2008年、日本のカトリック教会では非常に大きな出来事がありました。それは殉教者の列福ということです。信仰を捨てないことを理由に処刑された188人の殉教者を、正式に信仰者の模範と認め宣言する列福式が去る11月24日に長崎で行われました。この人々は400年前、江戸時代初期に殉教した人々です。この人々は非常に強く自分の信仰と自分の尊厳を主張しました。

現代の日本では生きる力を失って自分で死を招く人が年間3万人もいます。他方、400年前のキリシタンは信仰を守って、何千人もの人が命を捧げました。江戸時代初期と2008年の現代を比べて大きな違いがあります。同じ人間の死でありますが、その死に方には大きな違いがあります。この違いをどう考えたらいいのでしょうか?複雑な気持になります。 

現代という時代、一人ひとりの存在が薄く軽く、存在感が非常に希薄になっているように感じます。自分の存在の意味が分からない。自分は何のために生れてきたのか?何のために生きているのか?わからない。そのような思いを抱いている人が少なくはありません。
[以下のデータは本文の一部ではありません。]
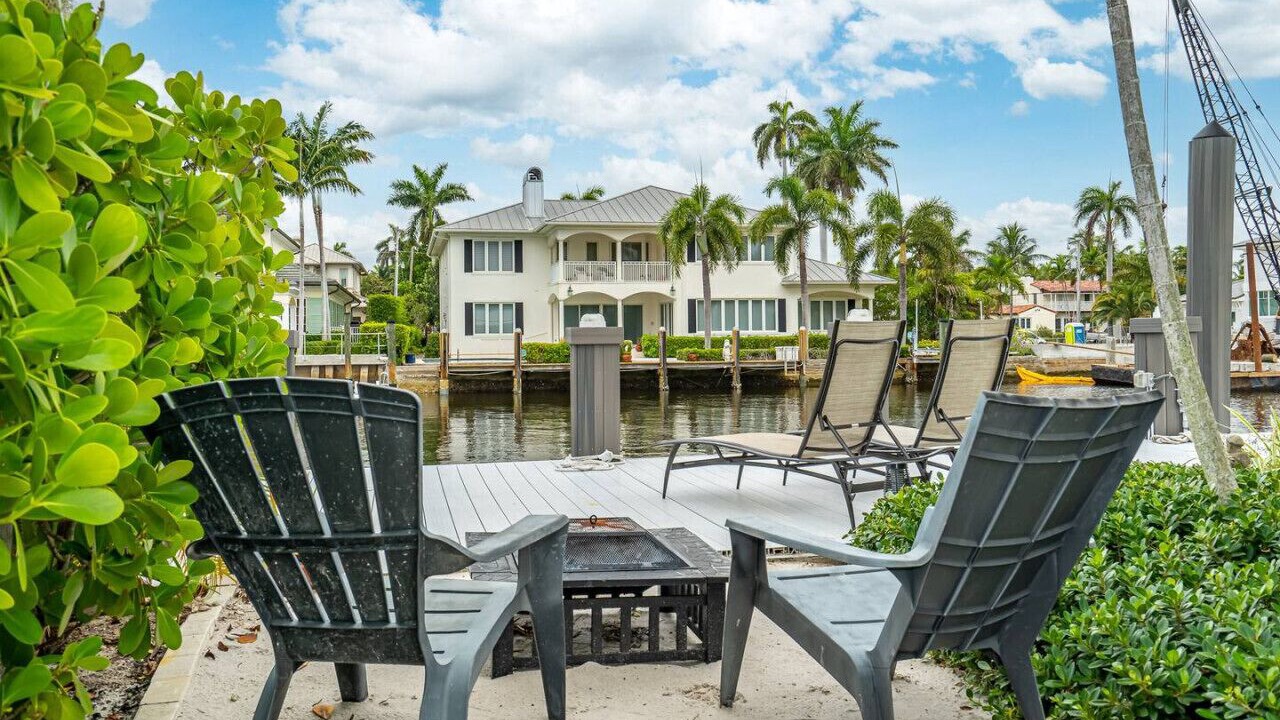 Photo of Patio Balcony in Harbor Beach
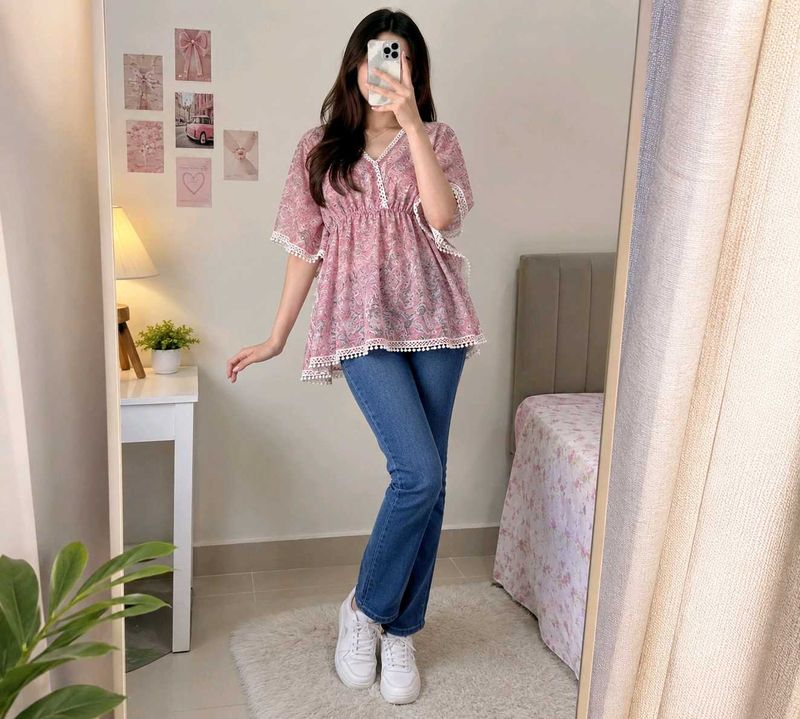 ✨💜Pink Printed Boho Top with Blue Denim Jeans Com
人は他者とのつながりの中で自分を見出し、自分の存在の意味をしります。一人ひとりの人が他の人とのつながりの中で、本当にその人として大切にされて、生きる喜びを感じます。 

今日はイエスの誕生を祝いますが、同時に、わたしたち人類の誕生を祝う日でなければなりません。今日はわたしたちが、救い主の誕生とともに、家族、友人、知人、すべての人の誕生を祝う日なのです。

神の子イエスは人間になりました。それは人間を神の子にするためでした。神の子イエスは、すべての人の救い主として生まれました。それはすべての人をその人として、かけがえのない存在、神の子として大切にして下さる神の愛を伝えるためであります。

天の大軍は言いました。「いと高きところには栄光、神にあれ、地には平和、御心に適う人にあれ。」

すべての人が神の平和に与かり、すべての人が大切にされる社会が到来しますよう、祈りそのために力を尽くしましょう。